Eines der schönsten Bilder aus diesen Serien zeigt die Sammlerin, wie sie auf dem Dach (oder besser: der verstärkten Decke im Erdgeschoss) ihres Palazzos steht, in einer roten Tunika, die Hände wie ein Priester erhoben, während unten ein Wasserbus vorbeifährt. Die historische Pracht und das Skurrile, die alte Stadt und das Modische gehen hier eine seltsame Verbindung ein, deren Klammer die Kunst bildet. Peggy Guggenheim - oder ist es Stefan Moses? - scheint mit diesen Gegensätzen spielen zu wollen, wofür sie unter anderem ihre Kleidung einsetzt: Nur wenige Vorteile dürften Damen mittleren Alters aus der Mode der späten Sechziger und frühen Siebziger gezogen haben. Das beliebte Sackkleid - in Lindgrün, Himmelblau, Erdbeerrot - nahm dem Körper die Form, die weichen, beigefarbenen Stiefel verkürzten darüber hinaus den Rumpf, und falls noch ein Rest von Leichtigkeit geblieben sein sollte, wurde er durch gestrickte Strumpfhosen erwürgt. Genau solche Kleidungsstücke aber trägt Peggy Guggenheim auf diesen Bildern - vielleicht als Gegenentwurf zur Feinheit der historischen Bauten Venedigs, vielleicht als Inszenierung von Fremdheit, vielleicht, weil sie darin selbst etwas Skulpturales annimmt.

Zum Rot des Lippenstiftes bildet das Graugrün des Wassers im Kanal die Komplementärfarbe

Erst beim zweiten oder dritten Anschauen der Fotografien erschließen sich die Korrespondenzen: Leicht zu erkennen sind die Verbindungen zwischen dem Rot des Sackkleides, dem Rot der Lederpolster im Wassertaxi und dem Rot des Lippenstifts, zu dem das Graugrün des Wassers im Kanal die Komplementärfarbe bildet. Die Farben dienen der selbstbewussten Darstellung einer Frau, die sich selbst als Mittelpunkt aller Beziehungen setzt und dabei vor dem Grellen, ja womöglich auch vor dem Plumpen nicht zurückschreckt. Ironie scheint sie jedenfalls besessen zu haben: Oder war Stefan Moses auf die Idee gekommen, nicht sie selbst, ihre rote Handtasche in einem Stillleben zu arrangieren, das außerdem Werke Alberto Giacomettis und Jean Hélions zeigt - und das Porträt, das Franz von Lenbach im Jahr 1903 von der sechsjährigen, in eine Art barockes Hofkostüm gekleideten Peggy Guggenheim malte? Und was bedeutet es, wenn die Mäzenin sich in einer blauen Hollywoodschaukel über dem Canal Grande wiegt, in der roten Tunika, während sie ihr Gesicht in einem Taschenspiegel betrachtet? Dass in Venedig, auch an prominentem Ort, keine Abstriche vom amerikanischen Charakter der Hauptperson gemacht werden?

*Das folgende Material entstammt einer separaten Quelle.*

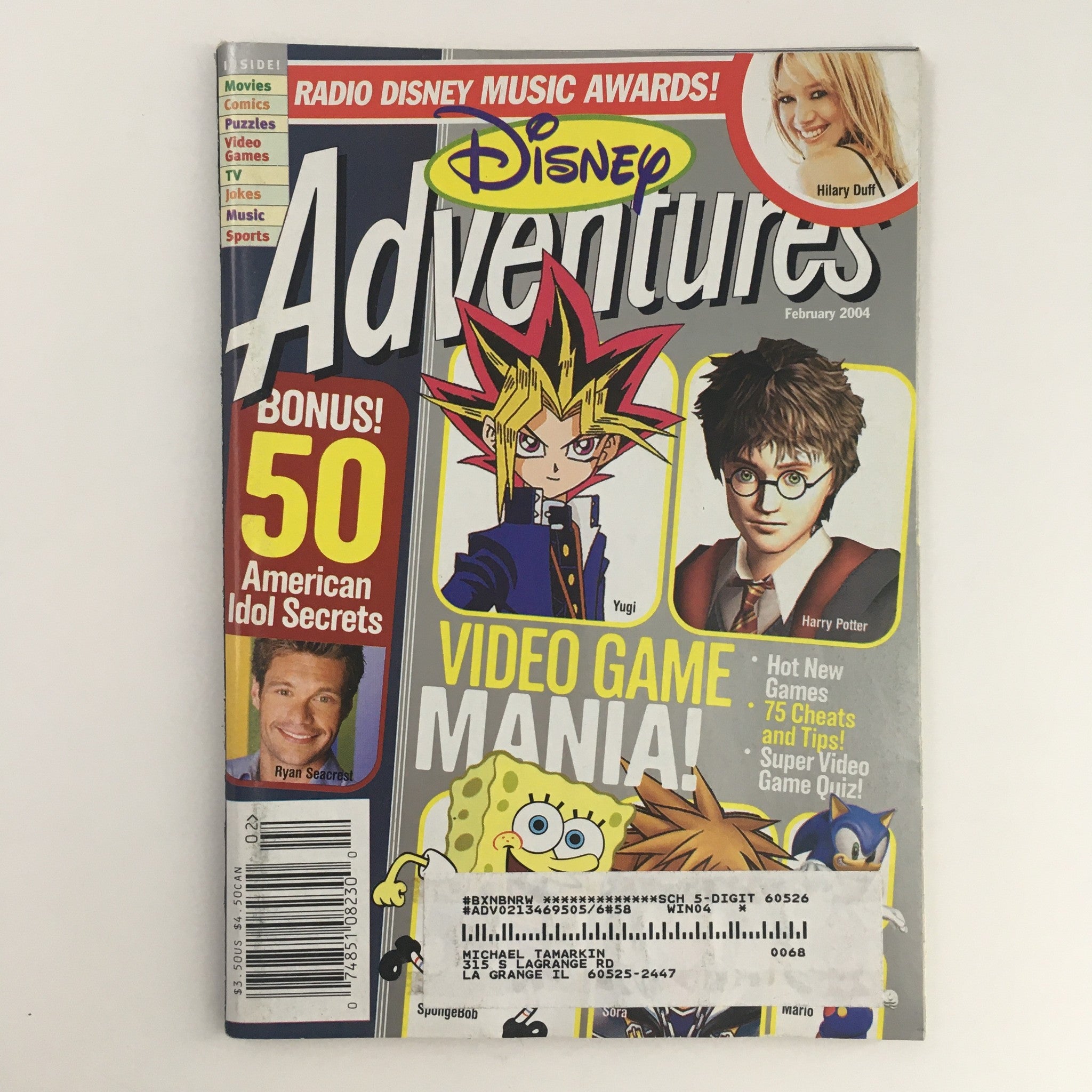 Cover of Disney Adventures Magazine February 2004 featuring pop icons Hillary Duff and Daniel Radcliffe, with special highlights on video games and American Idol secrets.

Die Werke der Kunstsammlung erscheinen auf diesen Bildern weniger als Kunstwerke denn als Gesellschaft jener Hauptperson. Aus ihnen hebt sich die Protagonistin heraus. Sie ist allein.

Stefan Moses: Begegnungen mit Peggy Guggenheim. Elisabeth Sandmann Verlag, München 2017. 144 Seiten, 48 Euro.